Whenever on the campaign trail, or other political events such as rallies, both political parties tend to employ the services of popular entertainers.
In recent weeks, artistes such as Teejay, Rygin King and Wayne Marshall have graced political platforms, bringing with them a dancehall-like atmosphere.
However, according to representatives from both major political parties, a number of factors are considered before these artistes are engaged.
Julian Robinson, general secretary of the People’s National Party, told The Gleaner that his party tend to select entertainers who have values in keeping with those of the party.

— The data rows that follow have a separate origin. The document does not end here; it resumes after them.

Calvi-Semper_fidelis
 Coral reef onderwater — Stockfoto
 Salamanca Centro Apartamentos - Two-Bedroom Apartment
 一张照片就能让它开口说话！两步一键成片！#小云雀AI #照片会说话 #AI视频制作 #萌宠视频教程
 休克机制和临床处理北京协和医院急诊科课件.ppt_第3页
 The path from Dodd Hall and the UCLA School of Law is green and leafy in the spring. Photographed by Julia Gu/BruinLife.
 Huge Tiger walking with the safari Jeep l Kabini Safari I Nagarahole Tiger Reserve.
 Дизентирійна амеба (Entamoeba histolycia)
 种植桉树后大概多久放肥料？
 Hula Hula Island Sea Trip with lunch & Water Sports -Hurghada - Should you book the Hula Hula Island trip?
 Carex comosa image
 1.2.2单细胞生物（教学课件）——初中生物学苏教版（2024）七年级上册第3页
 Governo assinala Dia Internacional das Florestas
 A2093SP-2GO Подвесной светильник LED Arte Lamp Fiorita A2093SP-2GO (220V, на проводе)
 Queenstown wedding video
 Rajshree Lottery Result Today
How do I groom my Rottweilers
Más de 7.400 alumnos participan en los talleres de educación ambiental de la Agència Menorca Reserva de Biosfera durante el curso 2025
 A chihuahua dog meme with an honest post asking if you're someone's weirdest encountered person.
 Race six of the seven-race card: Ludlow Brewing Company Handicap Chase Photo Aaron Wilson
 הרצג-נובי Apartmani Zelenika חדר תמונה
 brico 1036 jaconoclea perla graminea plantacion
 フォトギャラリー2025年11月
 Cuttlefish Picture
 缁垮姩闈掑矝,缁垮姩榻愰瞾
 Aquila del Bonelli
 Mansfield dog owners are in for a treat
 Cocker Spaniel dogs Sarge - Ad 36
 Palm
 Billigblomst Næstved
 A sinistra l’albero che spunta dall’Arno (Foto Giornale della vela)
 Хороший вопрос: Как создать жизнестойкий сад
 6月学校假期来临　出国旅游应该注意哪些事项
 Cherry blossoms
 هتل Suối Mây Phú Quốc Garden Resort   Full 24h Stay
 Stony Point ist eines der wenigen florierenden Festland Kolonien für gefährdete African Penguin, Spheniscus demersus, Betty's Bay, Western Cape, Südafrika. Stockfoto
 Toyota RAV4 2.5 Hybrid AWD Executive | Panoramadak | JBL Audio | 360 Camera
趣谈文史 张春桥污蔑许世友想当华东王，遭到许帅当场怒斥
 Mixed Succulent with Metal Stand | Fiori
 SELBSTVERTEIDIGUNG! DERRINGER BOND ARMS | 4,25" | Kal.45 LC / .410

“Based on the music, the consciousness, the songs that an entertainer sings, whether it is consistent with our own values, and whether them coming would provide some kind of vibe to the meeting that we have,” he said.
He added, “We have entertainers who have performed at events for both parties so it does not necessarily means that they are necessarily a supporter of the party.”
Robinson said that most entertainers do not publicly declare a preference because they want to remain neutral and they want to appeal to a wide cross-section of persons.
“Sometimes people volunteer, sometimes they ask for a fee – depending on what they do and how long they are gonna be on,” he said.
Delano Seiveright, a member of the ruling Jamaica Labour Party, said that one superseding factor is what song has the ‘hype’ at the time.
“We try to encourage artistes who are at that level, where they have hits – who people love, especially on the trail. We get them to come to our events,” he told The Gleaner.
Another reason, he says an entertainer may choose to perform at a political event is based on the relationship that they may have with some members of the party.
“Artistes have their different persuasion. For some, it is not political. Some may be because they have a good relationship with members of the party, and they would do it as a friendly gesture,” he said.
Seiveright added that having entertainers at party events is more of a treat for the audience rather than a ploy to ‘drum up’ more support for the party.
“It tends to be a surprise to rile up the crowd. It is not that the entertainer draws the crowd, it is always a treat for the audience to have a popular entertainer,” he said.
“It gives a vibe to the meetings and it is good to diversify your meeting with different offerings, so it is not all politics – there is something else that some people will love and appreciate.”
Selector Tony Mattheron feels the political climate in Jamaica has improved to the point where artistes perform at political parties or even boldly throw their support behind a party, without much backlash.
“I think it is good nowadays because politics is not what it used to be. Back in the ’70s, if yuh ago do dat, yuh know which side a di fence yuh fall,” he said.
“Nowadays, artistes perform at political rallies and it don’t have no big impact on the artiste,” he said.